*WORK TASK*. Starting with the line below that holds "14.3. For the" and stopping after the line that holds "Claire Miquel - Communication", transcribe the lines exactly, leaving out all pictures.

[Short web captions]
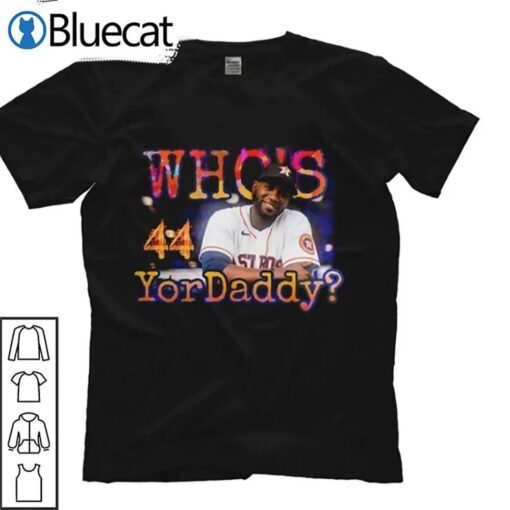 Whos 44 Yordaddy Tee Shirt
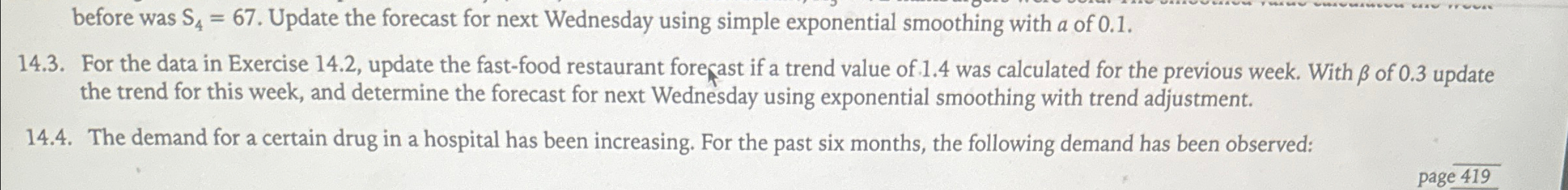  14.3. For the data in Exercise 14.2, update the fast-food restaurant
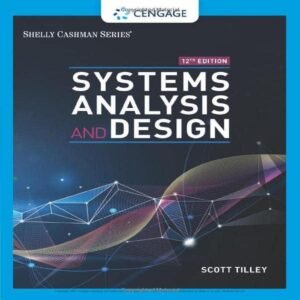Systems Analysis and Design Hardcover – Illustrated, 19 July 2019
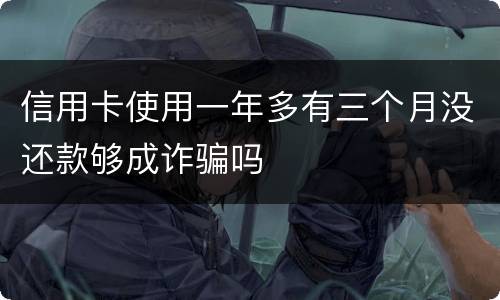 信用卡使用一年多有三个月没还款够成诈骗吗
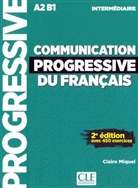 Claire Miquel - Communication progressive du français, Niveau intermédiaire, Livre avec 450 exercices + Audio-CD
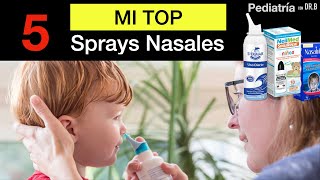 MI TOP 5 SPRAY NASALES INFANTILES [upl. by Imaon785]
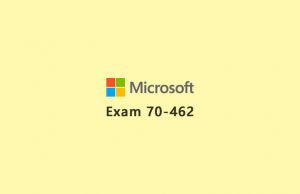 Best Guide: How to Pass Microsoft 70-462 Test Easily with Exam Dumps? Best Guide: How to Pass Microsoft 70-462 Test Easily with Exam Dumps?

*EXERCISE SOLUTION*.
  14.3. For the data in Exercise 14.2, update the fast-food restaurant
Systems Analysis and Design Hardcover – Illustrated, 19 July 2019
 信用卡使用一年多有三个月没还款够成诈骗吗
 Claire Miquel - Communication progressive du français, Niveau intermédiaire, Livre avec 450 exercices + Audio-CD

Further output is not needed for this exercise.